The US, however, have strict rules about the sharing of sensitive technology and intelligence equipment, despite the military jargon of ‘interoperability’ being used by senior government officials. The Pentagon have no wish to cede control of their military facilities which remain fundamental to its neo-colonial global ambition.

Moves by Australia to secure access at the bilateral AUSMIN meetings in Washington last December were unable, furthermore, to formally have the US ‘pare back rules that prohibit US technology export’. (3) They have no wish to do so. The position of the US closely followed Cold War concerns about their own defence and security being compromised by allies. In recent times Australia has been besieged with Cold War allegations, in numerous US-led media outlets, about Chinese spies, although there is rarely, if ever, any evidence provided by so-called journalists.
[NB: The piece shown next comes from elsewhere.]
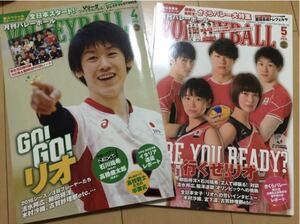 月刊バレーボール 2014年4.5月号 石川祐希 柳田将洋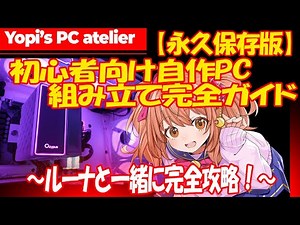 A thorough guide for those building their first PC! (For absolute beginners) From assembly to wir...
Shortly after the US government position at the AUSMIN meeting was taken, a move to shift shift attention and not attract unnecessary publicity took place; it was announced, for example, from a rising Republican, Kevin Kiley, that ‘the US should put its own submarine program ahead of Australia’s following concern that American shipyards would struggle to build enough new submarines to satisfy both the Pentagon and Australia’s expectations under the AUKUS security pact’. (4)  

The statement followed a leaked letter from two US senators to President Biden early this year which ‘revealed concerns that the US might not be able to supply Australia with nuclear-powered submarines as envisaged under the 2021 AUKUS agreement without jeopardising the US Navy’s requirements of at least two new submarines a year’. (5)

A diplomatic statement from the US Ambassador to Australia, Caroline Kennedy, noted, nevertheless, ‘the US was aware of the problem and working to reform the rules’, reverting to the previous position. (6) Taking the nature of US regulations about the exporting of sensitive military technology, however, the matter may well drag on into another age, continuing the stalling process. Changing US government regulations will require extensive committee procedures and bipartisan agreement in both Washington and the Pentagon in an age when the whole US political system remains bitterly divided. There would appear to be little common ground.

Some serious questions, therefore, arise and include:

          if Australia’s submarine program was so important why has this matter now arisen;

          just what type of security vetting is the US intending imposing upon the Australian workforce, their family and friends, and the trade-union movement;

In conclusion:

                                        We need an independent foreign policy!

1.     US secrecy rules over military tech ‘could scuttle AUKUS’,

        The Australian, 13 January 2023.

2.     Ibid.

3.     Ibid.

4.     US ‘needs first before any subs to Australia’,

        The Australian, 19 January 2023.

5.     Ibid.

6.     Australian, op.cit., 13 January 2023.